Action against Husband for a Libel by his Wife-See" Husband and Wife," post.

10. Claim in an Action for Slander of Title (a).

1. The plaintiffs were at the times hereinafter mentioned and still are vocalists, and had been and were engaged to sing at the S. Music Hall, K., and also at the L. P. Music Hall, for reward.

2. On the 15th day of May, 1875, the defendant falsely and maliciously wrote and published of the plaintiffs, in the form of a letter addressed to E. W., the proprietor of the S. Music Hall, and of them as such vocalists, and of their engagement at the S. Music Hall, the words following, that is to say :"January 15th, 1875.--E. W. Esq. My dear Sir,-Although I know it is quite unintentional on the part of the lady advertisers (meaning the plaintiffs), the advertisement attached at foot, if relied upon in every particular by proprietors engaging them, is calculated to lead such proprietors to incur the penalties under the Copyright Act in certain cases, as I hold the power of attorney over the performing rights of certain musical publications belonging to two houses therein named, who only have the copyrights vested in them, and a separate and distinct property never held by them. If all proprietors knew this it would be best; but I have not time to apprise them. I remain yours truly, H. W.;" meaning that the plaintiffs had no right to sing certain songs which they advertised themselves as about to sing at the said music hall.

(a) In the case of an action for slander of title the plaintiff must show that the words complained of were written or spoken (it does not matter which) (Malachy v. Soper, 3 N. C. 371) maliciously, that they were false, and that actual damage has ensued to something which is the plaintiff's property. (Wren v. Wild, L. R. 4 Q. B. 730; 38 L. J. Q. B. 327; Hart v. Wall, 46 L. J. 227; and the recent case of Halsey v. Brotherhood, 19 Ch. D. 386.) As to publishing without justification an untrue statement disparaging a man's goods, and thereby causing him special damage, see West Counties Manure Co. v. Lawes Chemical Manure Co. (L. R. 9 Ex. 218).

3. In consequence thereof, and of the publication of the said words, E. W. dismissed the plaintiffs from his service and terminated the said engagement at the S. Music Hall.

4. On the 19th day of January, 1875, the defendant falsely and maliciously wrote and published of the plaintiffs, in the form of a letter addressed to E. L., Esq., the proprietor of the L. P. Music Hall, and of them as such vocalists and their engagement at the said music hall, the words following, that is to say-[Here followed the letter, which was to the same effect as the letter set out in paragraph 2].

5. In consequence of the publication of these words, E. L. dismissed the plaintiffs from his service, and refused to employ them to sing at the said music hall. The plaintiffs claim £100 damages.

Demurrage.

See Charter-party.

Demurrer (a).

Detinue ().

1. Claim in an Action of Detinue.

The defendant detains from the plaintiff the plaintiff's goods and chattels, that is to say, a horse, harness, and gig.

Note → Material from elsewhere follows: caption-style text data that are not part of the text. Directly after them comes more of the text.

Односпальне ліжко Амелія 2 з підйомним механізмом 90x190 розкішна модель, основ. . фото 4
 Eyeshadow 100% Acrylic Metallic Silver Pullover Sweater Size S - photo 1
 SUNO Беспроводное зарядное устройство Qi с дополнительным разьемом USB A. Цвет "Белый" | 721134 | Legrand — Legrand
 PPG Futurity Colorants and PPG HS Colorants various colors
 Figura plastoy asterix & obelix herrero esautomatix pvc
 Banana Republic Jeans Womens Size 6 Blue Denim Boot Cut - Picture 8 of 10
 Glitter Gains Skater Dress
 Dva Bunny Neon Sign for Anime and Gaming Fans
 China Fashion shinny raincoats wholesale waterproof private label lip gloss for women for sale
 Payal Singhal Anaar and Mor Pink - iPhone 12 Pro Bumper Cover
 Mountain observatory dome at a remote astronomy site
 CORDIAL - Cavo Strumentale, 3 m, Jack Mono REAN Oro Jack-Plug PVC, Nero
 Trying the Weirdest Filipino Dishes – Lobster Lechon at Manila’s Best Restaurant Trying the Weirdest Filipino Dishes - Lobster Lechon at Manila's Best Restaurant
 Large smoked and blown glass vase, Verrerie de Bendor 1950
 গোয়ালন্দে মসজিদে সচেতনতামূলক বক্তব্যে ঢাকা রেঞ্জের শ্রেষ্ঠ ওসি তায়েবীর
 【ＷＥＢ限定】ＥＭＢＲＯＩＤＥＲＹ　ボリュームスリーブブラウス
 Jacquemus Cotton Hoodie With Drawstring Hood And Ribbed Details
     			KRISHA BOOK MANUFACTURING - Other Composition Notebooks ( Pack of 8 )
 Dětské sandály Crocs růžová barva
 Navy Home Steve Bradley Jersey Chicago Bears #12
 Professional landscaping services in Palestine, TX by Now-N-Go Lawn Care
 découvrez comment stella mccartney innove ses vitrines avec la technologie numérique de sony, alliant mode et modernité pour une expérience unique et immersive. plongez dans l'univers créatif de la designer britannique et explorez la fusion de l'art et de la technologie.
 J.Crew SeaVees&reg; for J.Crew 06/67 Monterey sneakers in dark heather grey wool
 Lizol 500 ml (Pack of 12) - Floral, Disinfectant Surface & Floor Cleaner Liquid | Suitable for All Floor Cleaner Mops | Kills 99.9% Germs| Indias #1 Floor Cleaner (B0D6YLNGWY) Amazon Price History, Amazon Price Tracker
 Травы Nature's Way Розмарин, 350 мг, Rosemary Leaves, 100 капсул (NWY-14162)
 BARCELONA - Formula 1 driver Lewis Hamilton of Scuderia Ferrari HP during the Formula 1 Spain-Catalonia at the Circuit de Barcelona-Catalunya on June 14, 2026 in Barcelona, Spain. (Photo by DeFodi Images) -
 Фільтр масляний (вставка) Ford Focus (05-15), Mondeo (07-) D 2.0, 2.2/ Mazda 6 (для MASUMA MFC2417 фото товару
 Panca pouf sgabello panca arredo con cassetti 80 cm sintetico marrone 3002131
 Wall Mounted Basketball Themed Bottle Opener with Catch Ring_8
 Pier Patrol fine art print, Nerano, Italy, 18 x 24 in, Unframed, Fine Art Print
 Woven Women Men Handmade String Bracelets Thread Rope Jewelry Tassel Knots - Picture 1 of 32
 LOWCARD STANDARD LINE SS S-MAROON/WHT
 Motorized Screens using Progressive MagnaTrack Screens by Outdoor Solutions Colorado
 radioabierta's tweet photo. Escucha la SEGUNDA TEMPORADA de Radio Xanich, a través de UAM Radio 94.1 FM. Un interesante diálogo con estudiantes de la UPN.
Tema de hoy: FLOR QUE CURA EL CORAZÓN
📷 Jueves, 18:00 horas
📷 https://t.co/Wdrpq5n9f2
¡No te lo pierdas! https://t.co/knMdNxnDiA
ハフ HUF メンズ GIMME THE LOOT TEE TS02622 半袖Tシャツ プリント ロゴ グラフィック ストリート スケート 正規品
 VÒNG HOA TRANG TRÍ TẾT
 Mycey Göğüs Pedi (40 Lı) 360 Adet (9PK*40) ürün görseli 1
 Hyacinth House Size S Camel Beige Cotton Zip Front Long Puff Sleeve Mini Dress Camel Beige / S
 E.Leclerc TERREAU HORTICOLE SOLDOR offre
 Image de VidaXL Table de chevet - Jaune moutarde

(a) Demurrers are now abolished, and all the learning on the subject is now obsolete. "No demurrer shall be allowed," Order XXV. r. 1. See p. 77 for remarks on the procedure which has been substituted for demurrers.

(b) This action is for the specific recovery of goods, deeds, or writings When an detained from the defendant by the plaintiff (1 Chit. Pl. 121), and it lies action for for the wrongful detention whether the taking was in the first instance detinue lawful or not. (Ibid.) It is sufficient to maintain this action if the lies. plaintiff was entitled to the possession of the goods. (Gledstane v. Hewitt. 1 C. & J. 565; Newton v. Beck, 27 L. J. Ex. 272; Olliver v. Olliver, 31 L. J. C. P. 4.)

The distinction between this action and trover is that the latter action Distinction only lies for damages for a conversion, and the goods themselves cannot between (in theory) be recovered, though the effect of this distinction is really detinue inappreciable in practice, as juries are usually directed by consent to give and trover.

The plaintiff claims a return of the said goods and chattels, or their value, and £10 for their detention.

2. Claim in an Action for Detinue against a Police Officer. The defendant detains from the plaintiff the plaintiff's goods and chattels, that is to say, one diamond ring and one diamond pin.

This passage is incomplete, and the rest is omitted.